The methylation level of LINE-1 was measured in DNA derived from peripheral blood, urinary exfoliated cells and cancerous tissues. The percentage of LINE-1 methylation in the peripheral blood cells from the BCa patients was significantly lower than that of the healthy controls (P = 0.001) (Fig. 2A). Likewise, the LINE-1 methylation levels in the urinary exfoliated cells from the BCa patients were significantly lower than those of the healthy controls (P = 0.044) (Fig. 2B). The LINE-1 methylation levels in the BCa cancerous tissues were significantly lower than those in the urinary exfoliated cells of the BCa (P = 0.038) and healthy (P = 0.001) subjects (Fig. 2B). The percentage of uCuC loci in the peripheral blood cells and urinary exfoliated cells of the BCa patients was significantly greater than the controls (P = 0.013 and <0.001, respectively) (Fig. 2C and 2D). The number of mCuC loci from the urinary exfoliated cells of the BCa patients was significantly lower than that of the controls (P = 0.006), but the levels of mCuC loci in the peripheral blood cells from the BCa and healthy groups were not different (P = 0.133) (Figure S1). These data confirmed the presence of LINE-1 hypomethylation in bladder cancer and showed similar results to those previously reported for oral cancer [26] that demonstrated the specificity of uCuC loci to cancer DNA.

Figure 2

The LINE-1 methylation and uCuC levels compared between the BCa and healthy groups.

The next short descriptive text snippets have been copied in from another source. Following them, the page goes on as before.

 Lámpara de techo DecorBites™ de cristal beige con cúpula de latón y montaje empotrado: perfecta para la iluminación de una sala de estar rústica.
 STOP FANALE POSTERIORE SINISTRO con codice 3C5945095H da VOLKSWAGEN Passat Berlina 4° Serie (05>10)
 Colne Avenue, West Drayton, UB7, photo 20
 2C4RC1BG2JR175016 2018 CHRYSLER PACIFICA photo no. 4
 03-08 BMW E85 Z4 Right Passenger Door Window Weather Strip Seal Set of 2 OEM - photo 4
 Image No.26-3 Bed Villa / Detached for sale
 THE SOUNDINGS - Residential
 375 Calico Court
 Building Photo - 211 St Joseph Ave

A: The percentage of LINE-1 methylation levels in the peripheral blood DNA from BCa patients (n = 61) was significantly lower than that from the healthy controls (n = 45). B: The LINE-1 methylation levels in the DNA derived from the urinary exfoliated cells from BCa patients (n = 30) were significantly decreased relative to those from the healthy controls (n = 14). The LINE-1 methylation levels in the cancerous tissues (n = 14) were significantly lower than the LINE-1 methylation levels in the urinary exfoliated cells from both BCa and healthy subjects. C: The uCuC levels in the peripheral blood DNA from BCa patients were significantly higher than those from the healthy controls. D: The uCuC levels in the urinary exfoliated cells of BCa patients were significantly increased compared to those from the healthy controls. The cancerous tissue uCuC levels were not significantly different from the uCuC levels from the BCa urinary exfoliated cells (P = 0.721), but they were significantly higher than those from the urinary exfoliated cells of healthy controls.

The determinations of the urinary TAS and plasma protein carbonyl content were performed in both healthy and BCa groups. A significant reduction in the urinary TAS level in the BCA patients relative to the healthy controls was observed (P<0.001) (Fig. 3A). The plasma protein carbonyl content in the BCa patients was significantly higher than that in healthy controls (P<0.001) (Fig. 3B). Our findings indicated an increase in the oxidative stress in the BCa patients.

Figure 3

The oxidative stress biomarkers in patients with BCa.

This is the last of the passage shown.